Tokenizing Text To Sentences With NLTK
# python standard library
from http import HTTPStatus
# pypi
import requests
import nltk
Introduction
This is going to be a quick look at splitting a text source into sentences.
The Source
I'm going to use Siddhartha, by Herman Hesse, which is available from Project Gutenberg.
url = "https://www.gutenberg.org/cache/epub/2500/pg2500.txt"
response = requests.get(url)
assert response.status_code == HTTPStatus.OK
source = response.text
print(source[:200])
The Project Gutenberg EBook of Siddhartha, by Herman Hesse This eBook is for the use of anyone anywhere at no cost and with almost no restrictions whatsoever.
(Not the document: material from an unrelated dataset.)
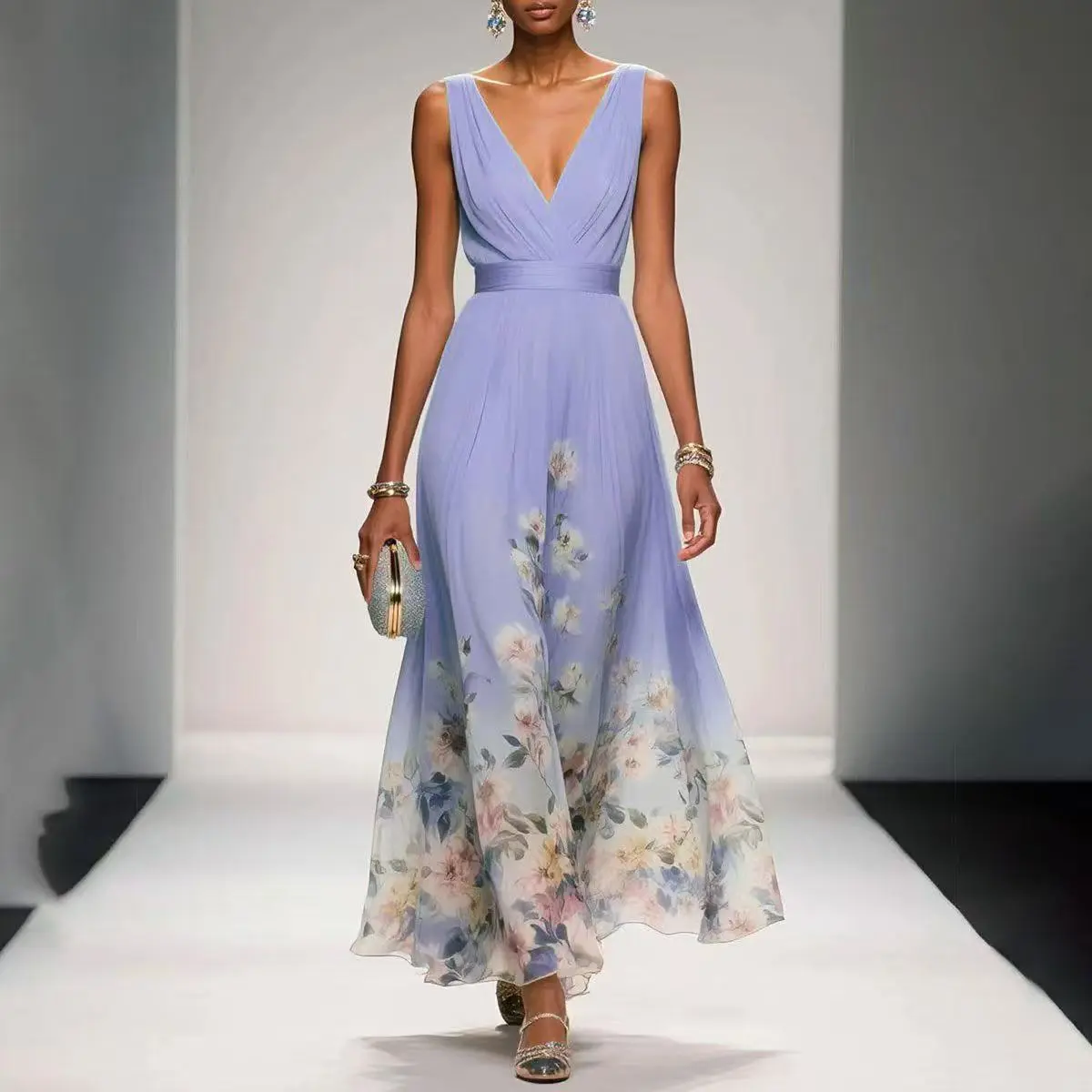LikeMychoice Elegant Floral Print V-neck Maxi Dress Women's Lightweight Flowing Long Dress for Vacation Wedding Casual Fit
You may copy it, give it away or r
The Punkt Sentence Tokenizer
The NLTK PunktSentenceTokenizer uses an unsupervised model to break texts up into sentences. Since you have to train the model to make it work you should load it from a pickle file. In this case we want the model trained on the English language so I'll load english.pickle
.
tokenizer = nltk.data.load("tokenizers/punkt/PY3/english.pickle")
Now you can break Sidhartha up into sentences using the tokenizer.
sentences = tokenizer.tokenize(response.text)
print(len(sentences))
1972
for index, sentence in enumerate(sentences[1:5]):
print(" {}: {}".format(index, sentence.replace("\r", "")))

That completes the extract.